Her goal became “to give them the skills, the resources for them to sustain themselves,” whether that meant attending literacy classes at the center, bringing their children to preschool “learning readiness” sessions, or just helping them apply for food stamps. “There is always something they can do,” she said.
She applied the same theory to housing conditions, telling tenants who complained that they had no hot water or that rats were biting children, “You have to organize to take advantage of the system.”
But the slums were unlike the previous areas where she had worked in Sacramento and East Los Angeles. “This wasn’t a community. These were buildings,” Wood said. “So we tried to set up a sense of community.”
She did it with cheese. In past years when the federal government gave away free cheese, Wood appointed “captains” on each floor to help distribute the food. “They had responsibility, they developed leadership and they met their neighbors,” Wood said.
The captain system became the key to tenant organizing. “We would say, if you want to make a difference in your building, you must come together,” Wood said. “So people would bring us petitions, with everyone in the building signing and documenting the conditions. Then we would try to contact the lawyers.”
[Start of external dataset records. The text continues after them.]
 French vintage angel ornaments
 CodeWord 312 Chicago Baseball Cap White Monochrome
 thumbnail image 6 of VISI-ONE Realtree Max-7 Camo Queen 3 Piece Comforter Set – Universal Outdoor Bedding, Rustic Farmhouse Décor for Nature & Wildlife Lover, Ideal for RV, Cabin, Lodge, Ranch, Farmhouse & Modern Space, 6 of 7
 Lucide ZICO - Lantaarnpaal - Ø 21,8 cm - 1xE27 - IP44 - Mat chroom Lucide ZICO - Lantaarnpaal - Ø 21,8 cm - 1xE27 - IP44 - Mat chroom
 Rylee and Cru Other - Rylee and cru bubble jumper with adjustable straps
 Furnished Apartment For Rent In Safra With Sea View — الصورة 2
Wood would call the city attorney’s office, where Stephanie Sautner, head of the slum housing task force, recently recalled that Wood brought four buildings to the attention of city officials. In each case, the landlords were prosecuted.
“She is very knowledgeable about slum conditions,” said Sautner. “My only problem with her was she would call all the time.”
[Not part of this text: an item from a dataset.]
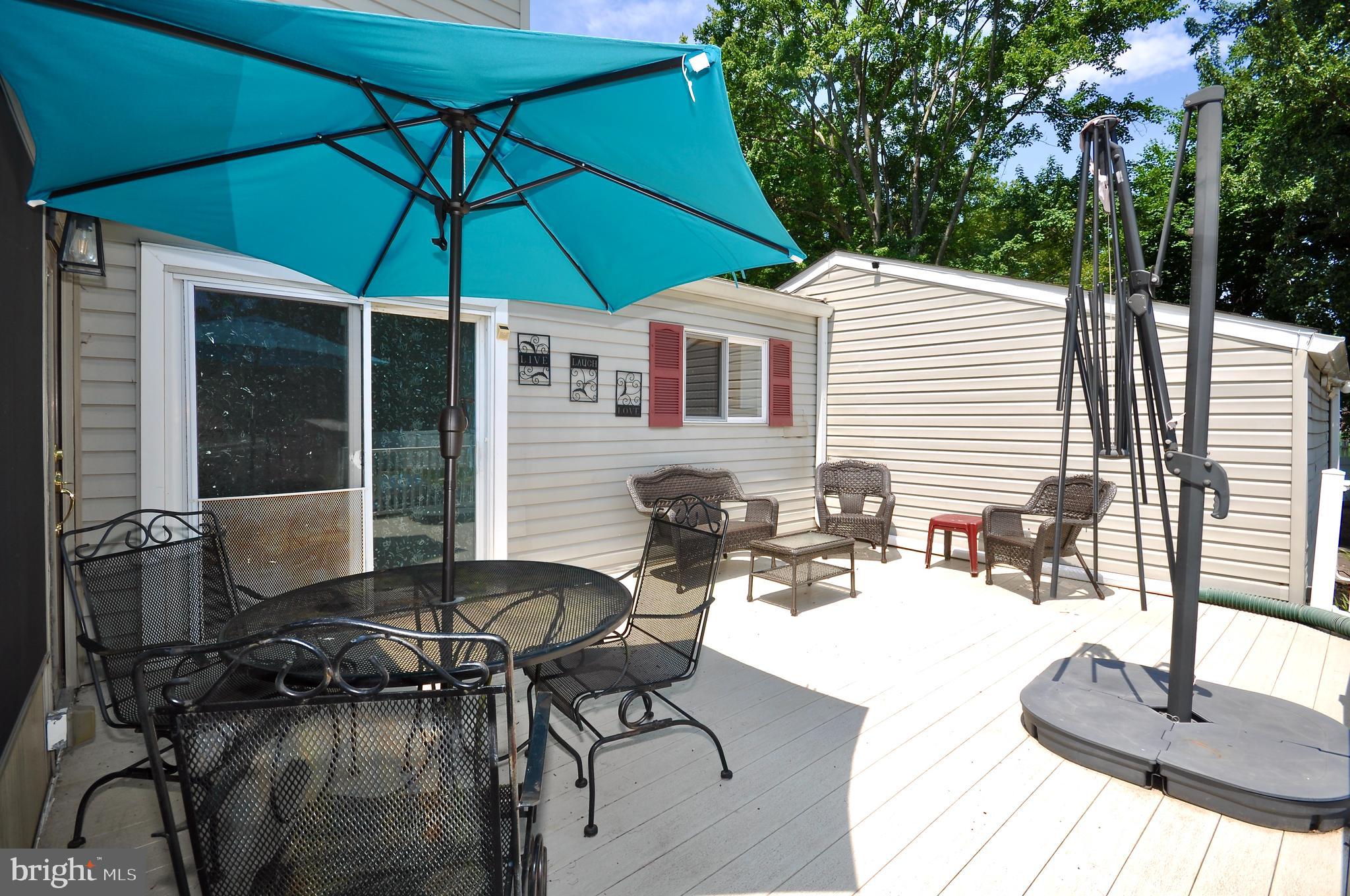 735 Claire Road Warminster, PA 18974 - Photo 41 of 47 Back Deck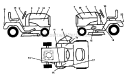 Part Location Diagram of 150927 Craftsman Decal Panel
Kathy Wood also was persistent in her complaints to the Legal Aid Foundation and public interest attorneys at the Los Angeles firm of Litt & Stormer. Legal Aid and the private firm together sued Milton Avol, a slumlord prosecuted many times by the city attorney, on behalf of tenants in two Main Street buildings. In 1988, in an out-of-court settlement, they won $2.5 million on behalf of 70 families.
Michael Bodaken, a former Legal Aid attorney who is now Mayor Tom Bradley’s housing coordinator, recalled that while much of the tenant organizing on Main Street was done by the late housing activist, Dino Hirsch, the tenants wanted Wood to speak for them.
“The tenants often went to Sister Kathy,” he said, “and they saw her as kind of their voice. A lot of the information we got came through her.”
The floor-captain system proved critical in a subsequent legal action involving a tenement at 106 E. Washington Blvd., according to Mercedes Marquez, an attorney with Litt & Stormer. A suit the firm filed against its owners was resolved this summer in a $2.4 million settlement shared by 65 families.
Marquez described Wood as a “tireless advocate” who has brought five more buildings to the firm’s attention. Attorneys have filed a lawsuit on one and have two more in preparation, she added.
Wood, who was born in Oakland and raised in Sacramento, came to St. Francis after working in crisis intervention at County-USC Medical Center. After studying Spanish in Mexico, she worked with the poor in East Los Angeles.
St. Francis Center is one of the few agencies outside Skid Row providing services to the downtown poor, and is the only one in the garment district area. Now headed by former Franciscan sister Maria de Los Angeles Menendez, it serves close to 4,000 people a month and operates with a staff of nine on a $250,000 annual budget, raised from donations.
As for Sister Kathy, working as a nurse practitioner has led her to identify even other needs. “I see a lot of preschool toddlers, “ she said. “I’ve been picking up speech problems. I saw a 5-year-old today who can hardly speak. We need to develop a program.”